### AIM OF THE EXERCISE
Each line of the data below that carries the word "Street" needs to be copied.

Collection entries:
§ §

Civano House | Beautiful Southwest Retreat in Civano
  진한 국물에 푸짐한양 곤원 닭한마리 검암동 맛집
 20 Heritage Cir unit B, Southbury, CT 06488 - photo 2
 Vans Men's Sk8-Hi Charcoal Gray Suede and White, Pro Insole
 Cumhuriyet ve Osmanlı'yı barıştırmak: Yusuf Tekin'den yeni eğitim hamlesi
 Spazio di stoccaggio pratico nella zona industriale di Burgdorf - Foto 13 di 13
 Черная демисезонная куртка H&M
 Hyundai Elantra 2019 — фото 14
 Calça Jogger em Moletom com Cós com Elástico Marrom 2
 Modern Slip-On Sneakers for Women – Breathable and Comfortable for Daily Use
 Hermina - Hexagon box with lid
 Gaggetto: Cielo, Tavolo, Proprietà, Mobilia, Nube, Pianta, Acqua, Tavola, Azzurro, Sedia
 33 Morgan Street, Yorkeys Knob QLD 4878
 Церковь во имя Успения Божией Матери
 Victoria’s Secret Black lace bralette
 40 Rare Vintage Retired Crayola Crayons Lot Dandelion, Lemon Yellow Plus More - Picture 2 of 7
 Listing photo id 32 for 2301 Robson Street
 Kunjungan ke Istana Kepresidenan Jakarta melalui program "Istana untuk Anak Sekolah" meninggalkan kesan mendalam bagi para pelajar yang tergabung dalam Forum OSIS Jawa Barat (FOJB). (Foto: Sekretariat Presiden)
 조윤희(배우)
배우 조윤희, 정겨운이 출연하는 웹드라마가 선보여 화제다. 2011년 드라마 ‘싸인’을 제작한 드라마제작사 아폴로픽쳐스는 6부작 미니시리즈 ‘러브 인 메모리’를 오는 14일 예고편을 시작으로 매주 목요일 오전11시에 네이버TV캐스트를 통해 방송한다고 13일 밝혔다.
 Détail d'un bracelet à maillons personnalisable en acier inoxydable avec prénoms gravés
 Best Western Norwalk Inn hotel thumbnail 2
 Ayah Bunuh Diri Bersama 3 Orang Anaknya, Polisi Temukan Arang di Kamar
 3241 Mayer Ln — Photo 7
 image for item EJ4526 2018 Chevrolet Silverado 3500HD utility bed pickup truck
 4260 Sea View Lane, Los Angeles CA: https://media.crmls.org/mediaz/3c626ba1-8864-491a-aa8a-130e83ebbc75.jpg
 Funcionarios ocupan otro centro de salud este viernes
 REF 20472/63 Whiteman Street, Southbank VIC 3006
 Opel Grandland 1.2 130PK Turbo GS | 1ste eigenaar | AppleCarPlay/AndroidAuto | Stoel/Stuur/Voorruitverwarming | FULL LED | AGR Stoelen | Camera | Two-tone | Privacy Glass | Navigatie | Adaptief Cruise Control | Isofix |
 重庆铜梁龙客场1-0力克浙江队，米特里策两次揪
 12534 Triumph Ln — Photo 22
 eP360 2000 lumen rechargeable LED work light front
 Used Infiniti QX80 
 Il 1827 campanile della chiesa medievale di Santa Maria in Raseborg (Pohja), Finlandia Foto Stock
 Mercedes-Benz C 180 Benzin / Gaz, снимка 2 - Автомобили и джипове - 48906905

§ §

### ANSWER SECTION
 33 Morgan Street, Yorkeys Knob QLD 4878
 Listing photo id 32 for 2301 Robson Street
 REF 20472/63 Whiteman Street, Southbank VIC 3006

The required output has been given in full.